Paul McKendrick, superintendent of Tuscaloosa (Ala.) City Schools, was the keynote speaker during Albany State University’s 111th Founder’s Day convocation Friday. McKendrick, an ASU alum, said while it was important to honor Joseph Holley’s legacy, it was more important to honor his mission, which was to provide college educations to those who might not have an opportunity otherwise. (Staff Photo: Terry Lewis)
ALBANY — Albany State University celebrated its 111th year of existence Friday with its annual Founder’s Day celebration. While the convocation paid homage to the legacy of ASU founder Joseph Holley, the gathered crowd also was reminded to keep an eye cast toward the future and be prepared for what might be looming on the horizon.
“Dr. Holley was an extraordinary man with great determination,” Cornelia Modeste, of ASU’s Office of Institutional Advancement, said. “If we really want to pay respect to this great man then we should duplicate his perseverance and let us motivate our students to become leaders of leaders.”
For speaker Paul McKendrick, an Albany native and Superintendent of the Tuscaloosa (Ala.) City School System, the visit home was a family affair. More that 10 members of his family are ASU alumni.
“We (his family) have always supported Albany State,” McKendrick, who also holds a doctorate from Harvard University, said. “Coming to Albany State was something that was ingrained in us in elementary school. I could have graduated from here in just three years, but I enjoyed it so much I stuck around for all four years.”
McKendrick said it was important to honor the legacy of Holley, but he added that it was just as important to live in the present and focus on Holley’s mission, which was to provide college educations for those who might not otherwise have an opportunity.
“Founder’s Day should never be included in the same breath as homecomings or commencements,” McKendrick said. “HBCUs (historically black colleges and universities) today are incredibly important.
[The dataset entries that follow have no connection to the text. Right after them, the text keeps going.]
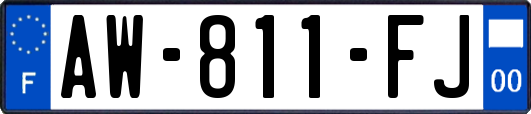 AW-811-FJ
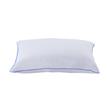 Colchon 2 Plaza Php 21PB-47C140 140x190x25 de Resortes en Caja + 2 Almohadas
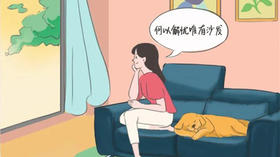  哦，我这无处安放的吸引力！ 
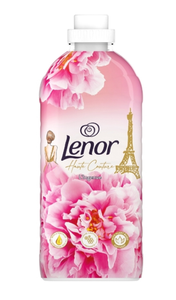 Кондиционер для белья Lenor Haute Couture Lingеnue, 1200 мл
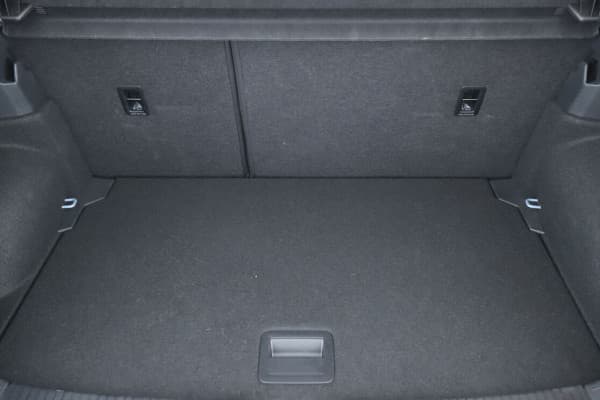 Volkswagen T-Cross 1.0 TSI Style DSG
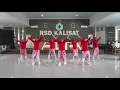 Download Lagu Zamrud Khatulistiwa Linedance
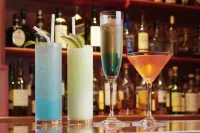 The Windsor Hotel TOYA,Vignette Collection - bar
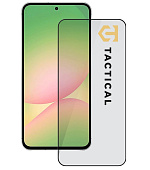 Tactical Glass Shield 5D sklo pro Samsung Galaxy A57 Black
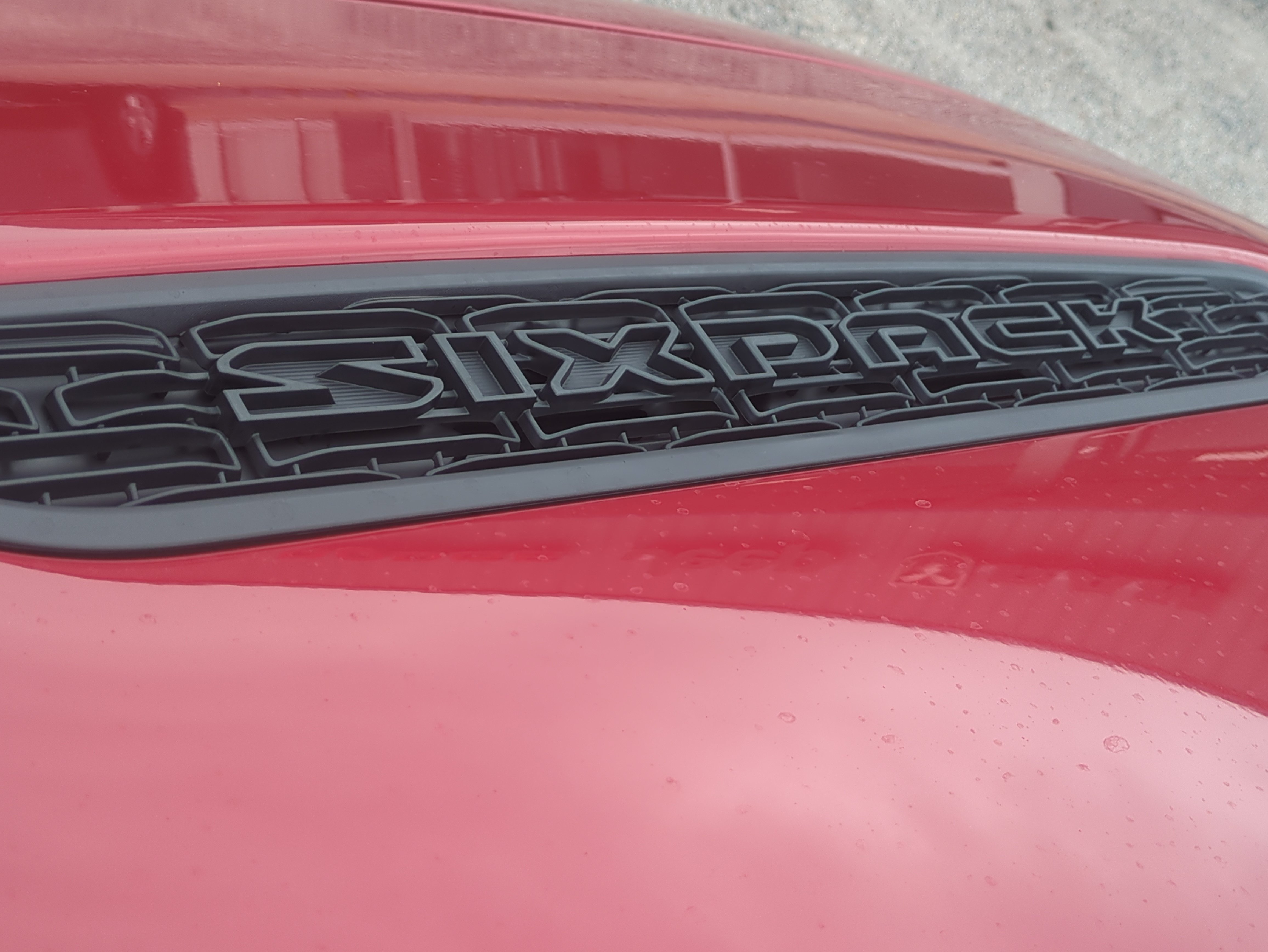 New 2026 Dodge Charger R/T AWD/4WD image 42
It took 38 years after Emancipation for Holley to say we needed a school here. It took 52 years after Emancipation for the state to take over Georgia Normal and Agricultural College and it took 67 years from Emancipation to become part of the University System of Georgia and receive state funding.
“My point is sometimes we spend so much time talking about the past that we never get ready for the future. Celebrating legacy is part of our culture, but the really important part is preparing for the future. We have to look to change and begin planning for that change.”
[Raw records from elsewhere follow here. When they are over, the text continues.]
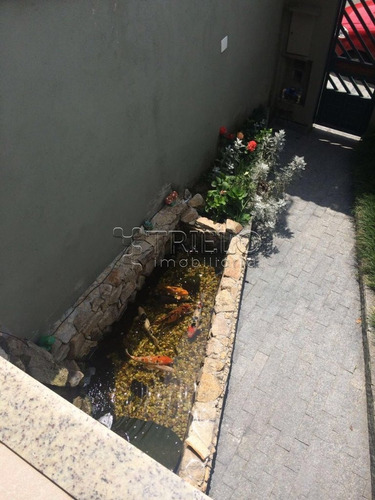 Imagem 3 de 15 de Casa-venda-03 Dormitorios-2 Suites-04 Vagas-jardim Universo-mogi Das Cruzes-sp - V-1227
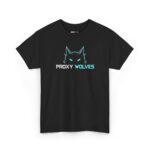 Proxy Wolves T-Shirt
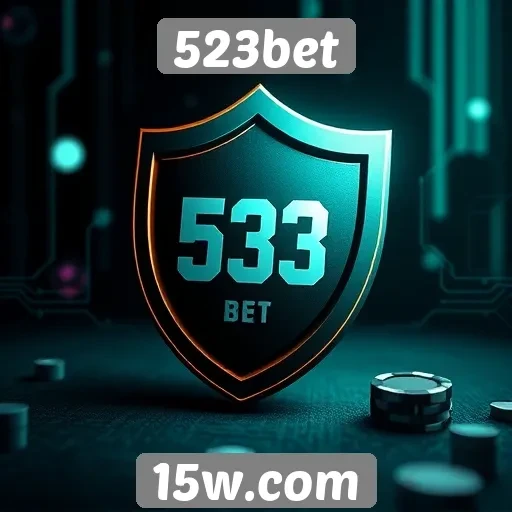 Avaliação de segurança e privacidade no 523bet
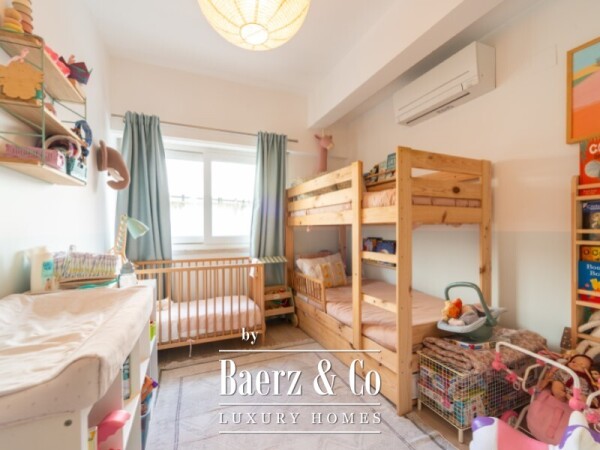 photo 20 3 bedroom apartment in Amoreiras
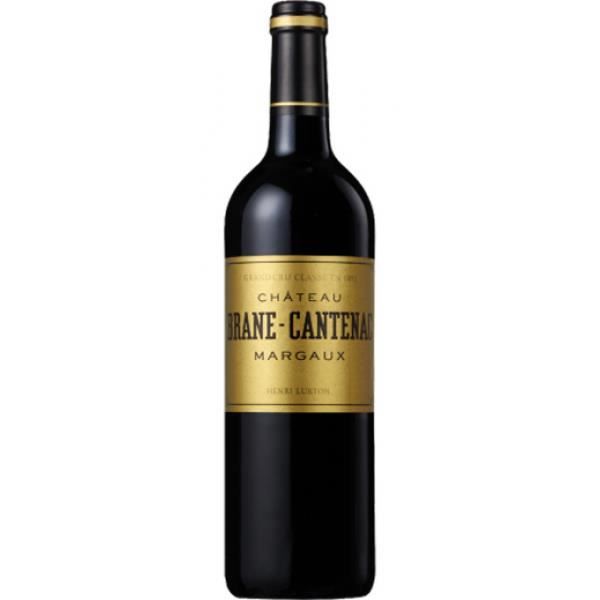 6x Château Brane-Cantenac - 2015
McKendrick is alarmed that over the past 10 years, five HBCUs have closed. The number of HBCUs stands at 105 nationwide, 4 percent of America’s colleges and universities. It’s a trend that disturbs him greatly.
“I have heard and read discussion of whether or not HBCUs are relative anymore, and that concerns me,” McKendrick said. “HBCUs still have a place in our society today. They provide a place for many of us to go to school. Where would we be without the poets and artists who went to HBCUs? Where would we be today without Thurgood Marshall and Martin Luther King, both graduates of HBCUs?
“We have to tell this story. We cannot remain silent. The struggle is real and we must prepare.”
McKendrick said funding is the key to keeping HBCUs open. Then he issued a challenge to the crowd.
“I challenge all of you to find ways of providing funding for this and other HBCUs,” McKendrick said. “To that end, Kaye (his wife and an ASU alumna) and I will be giving $10,000 to Albany State University today. We’re not doing this because we’re rich, because we’re not. We’re doing this because I can see what is on the horizon and it calls for preparation.”